Pine is chugging water from the gallon jug he brought with him to the restaurant, still trying to make himself comfortable, crossing and uncrossing his legs, his knee cracking loudly with each move. At present, he's seeing a chiropractor, a masseuse, and a physical therapist. "I feel prematurely old," he says. "I'm actually having this major belated quarter-life crisis. I'm turning 30 in a couple of weeks. I've been thinking a lot about mortality. A lot about what I'm going to do with my life and how to enjoy it. One of the things I'm going to work on is being more spontaneous, letting go, embracing the beauty of come-what-may."

The last time Pine ventured into the realm of spontaneity he ended up vacationing in postwar Bosnia. "You could feel the residual tension," he says, "the vestiges of what had happened. The energy. The bones of the country." Pine concluded that trip in Poland, watching the sun set at the Birkenau concentration camp. Vinnie Chase he is not—though he did audition unsuccessfully for the role. In a couple of days, Pine tells me, he's giving the whole come-what-may vacation thing another try. "I really don't know where the hell I'm going," he says. "I think it's going to be a solo drive somewhere. I want to do some self-assessment and decompressing. I'm serious about working on that."

For Pine, it really is all about the work—acting is work; vacationing is work; merely being is work. He has a tendency to intellectualize everything. "My therapist was very wise to that way of hiding," he says, "and asked me to cut it out." But the very behaviors that thwart breakthroughs on the couch—deflecting questions with questions, obsessively seeking definitions and etymologies for every clinical term—have a way of impressing on the set. "I mainly remember him asking a lot of questions," says Denzel Washington, who stars opposite Pine in Unstoppable. "Questions for the director. Questions about the script. 'What about this?' 'What about that?' He kind of woke me up. I used to ask those questions."

Pine is even starting to question his own analytical nature. Questioning his own questionings. What's it all worth? "I'm more cerebral than I want to be," he says. "Sometimes I think I need to get crazy. Go to Vegas. Do some drugs. Get some hookers.

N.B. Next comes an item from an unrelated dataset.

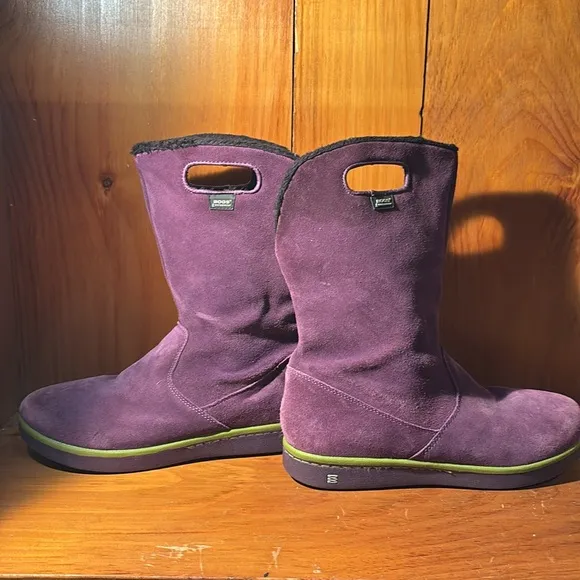Bogs Boga Purple Green Suede Leather Fleece Lined Waterproof Winter Boots Size 6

Gamble it all away. And it never happens. I usually just end up at home on my couch—reading."

•••

"It's all just cognitive behavioral therapy for me. How do you change how you think to make your life work?" Pine says. "I'm single and very happy about it. It's a good time to be single. I have a lot of friends getting married right now, having babies. But I think I'll be more like... the George Clooney."

Being "the George Clooney," of course, is a learned behavior, an acquired skill, and a tough thing to pull off when you're just turning 30. At that age even Clooney wasn't the George Clooney—he was married and a bit player on Roseanne. Still, Pine is progressing in the cognitive-behavioral sense. It's been over a year since he's been photographed with Audrina Patridge, late of The Hills, and though he says he frequently asks his publicist and manager to introduce him to starlets, he does suggest that their unified response—"We're not a dating service"—is, in fact, modifying his behavior.

Professionally, the evolution is further along. It's unlikely that Pine can rest on the laurels of James Tiberius Kirk for all that much longer; with only one more Star Trek movie in the works, that may not even be possible. "Talk to me in 30 years," Pine jokes. "By then it could be me and Shatner in Reno, working the lobby of some third-tier casino in our spandex."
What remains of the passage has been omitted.